Load Data into a Relational Data Warehouse

In this exercise, you’re going to load data into a dedicated SQL Pool.

This exercise should take approximately 30 minutes to complete.

Before you start

You’ll need an Azure subscription in which you have administrative-level access.

Provision an Azure Synapse Analytics workspace

You’ll need an Azure Synapse Analytics workspace with access to data lake storage and a dedicated SQL pool hosting a data warehouse.

In this exercise, you’ll use a combination of a PowerShell script and an ARM template to provision an Azure Synapse Analytics workspace.

  1. Sign into the Azure portal at https://portal.azure.com.
  2. Use the [>_] button to the right of the search bar at the top of the page to create a new Cloud Shell in the Azure portal, selecting a PowerShell environment and creating storage if prompted. The Cloud Shell provides a command line interface in a pane at the bottom of the Azure portal, as shown here:

    Azure portal with a cloud shell pane

    Note: If you have previously created a cloud shell that uses a Bash environment, use the the drop-down menu at the top left of the cloud shell pane to change it to PowerShell.

  3. Cloud Shell can be resized by dragging the separator bar at the top of the pane, or by using the —, , and X icons at the top right of the pane to minimize, maximize, and close the pane. For more information about using the Azure Cloud Shell, see the Azure Cloud Shell documentation.

  4. In the PowerShell pane, enter the following commands to clone this repository:

     rm -r dp-203 -f
     git clone https://github.com/MicrosoftLearning/dp-203-azure-data-engineer dp-203
    
  5. After the repository has been cloned, enter the following commands to change to the folder for this exercise, and run the setup.ps1 script it contains:

     cd dp-203/Allfiles/labs/09
     ./setup.ps1
    
  6. If prompted, choose which subscription you want to use (this option will only happen if you have access to multiple Azure subscriptions).
  7. When prompted, enter a suitable password to be set for your Azure Synapse SQL pool.

    Note: Be sure to remember this password!
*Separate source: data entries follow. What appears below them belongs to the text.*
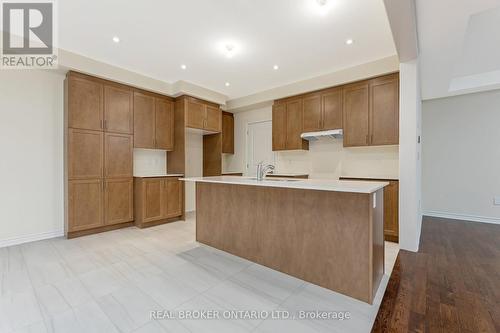 35 Spiers Road, Erin, ON - Indoor Photo Showing Kitchen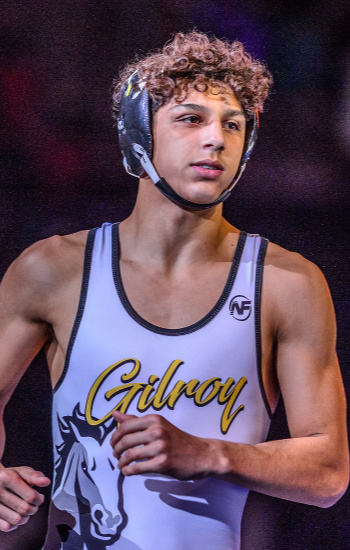 Wrestling USA Announces 2020 All-Americans; Gilroy’s Chase Saldate Selected to Dream Team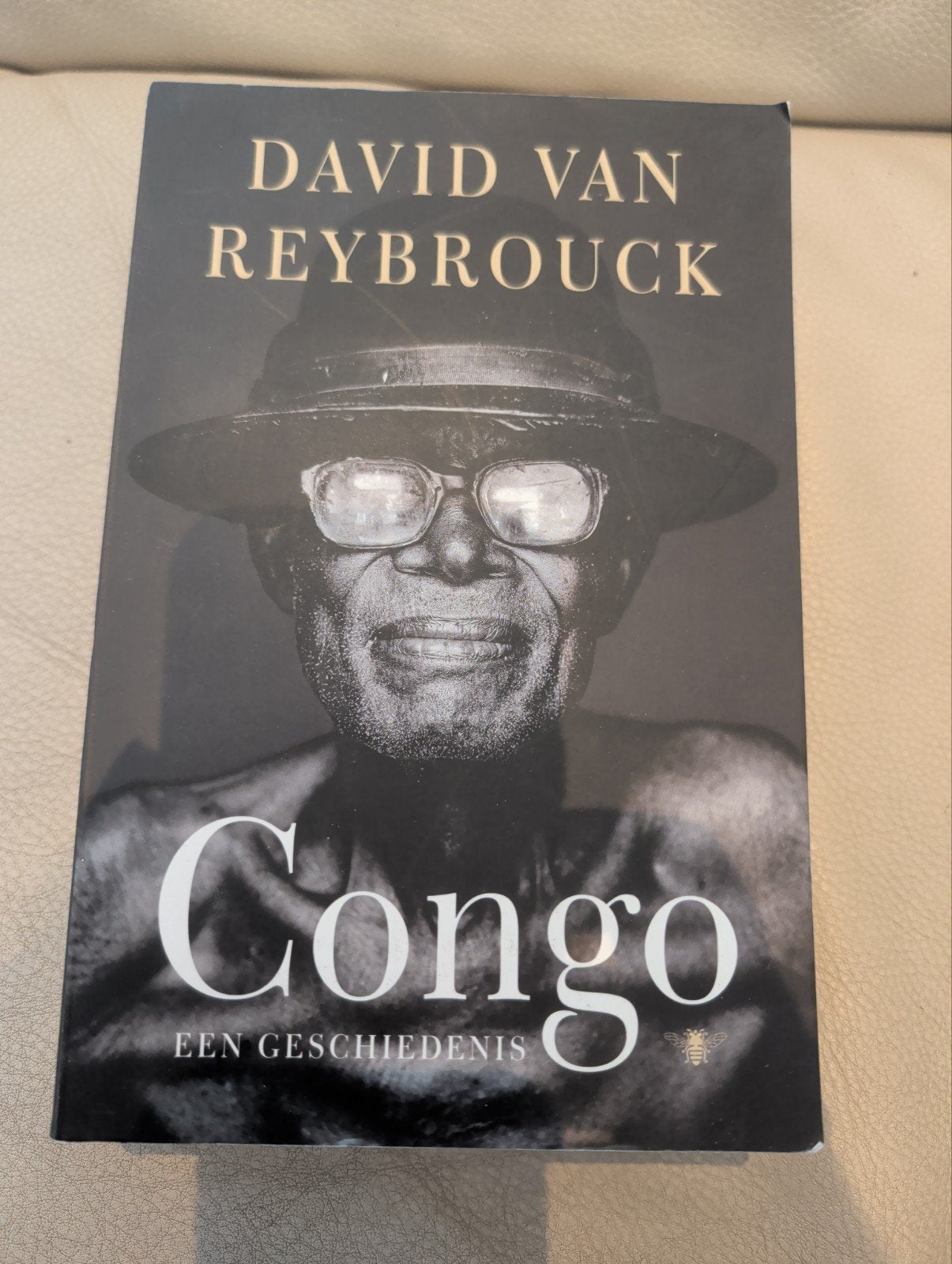 David Van Reybrouck - Congo, Boeken, Overige Boeken, Ophalen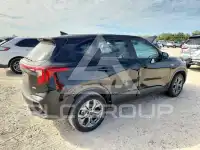 2026 KIA Seltos фото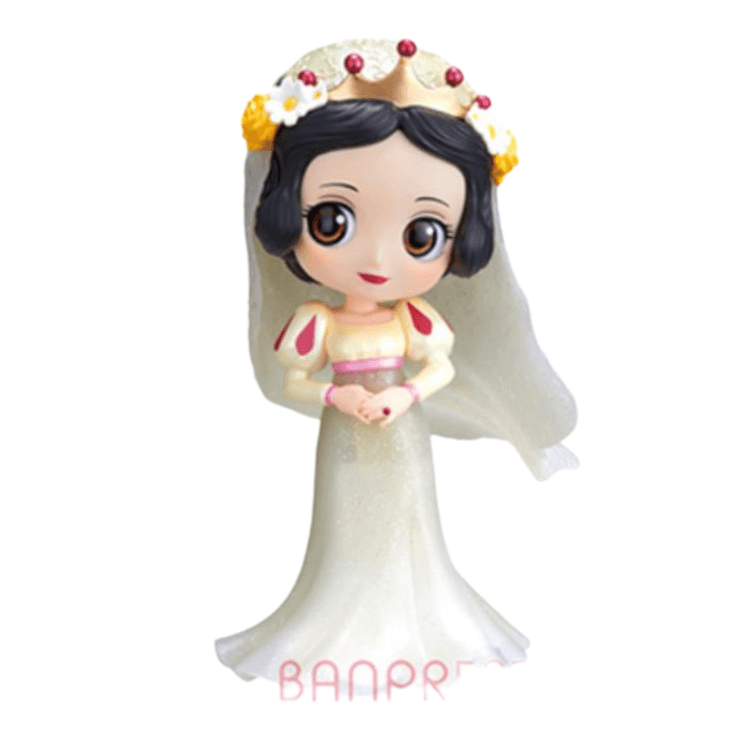 BANPRESTO Q posket Q 14cm - изображение 1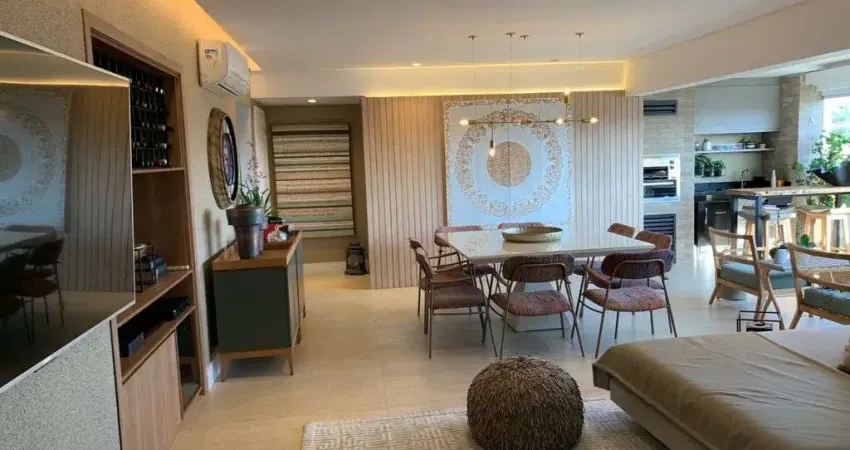 Apartamento com 3 quartos à venda no Fazenda São Quirino, Campinas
  8. Wait for the script to complete - typically this takes around 10 minutes, but in some cases may take longer. While you’re waiting, review the Data loading strategies for dedicated SQL pool in Azure Synapse Analytics article in the Azure Synapse Analytics documentation.

Prepare to load data

  1. After the script has completed, in the Azure portal, go to the dp203-xxxxxxx resource group that it created, and select your Synapse workspace.
  2. In the Overview page for your Synapse Workspace, in the Open Synapse Studio card, select Open to open Synapse Studio in a new browser tab; signing in if prompted.
  3. On the left side of Synapse Studio, use the ›› icon to expand the menu - revealing the different pages within Synapse Studio that you’ll use to manage resources and perform data analytics tasks.
  4. On the Manage page, on the SQL pools tab, select the row for the sqlxxxxxxx dedicated SQL pool, which hosts the data warehouse for this exercise, and use its icon to start it; confirming that you want to resume it when prompted.

    Resuming the pool can take a few minutes. You can use the ↻ Refresh button to check its status periodically. The status will show as Online when it’s ready. While you’re waiting, proceed with the steps below to view the data files you will load.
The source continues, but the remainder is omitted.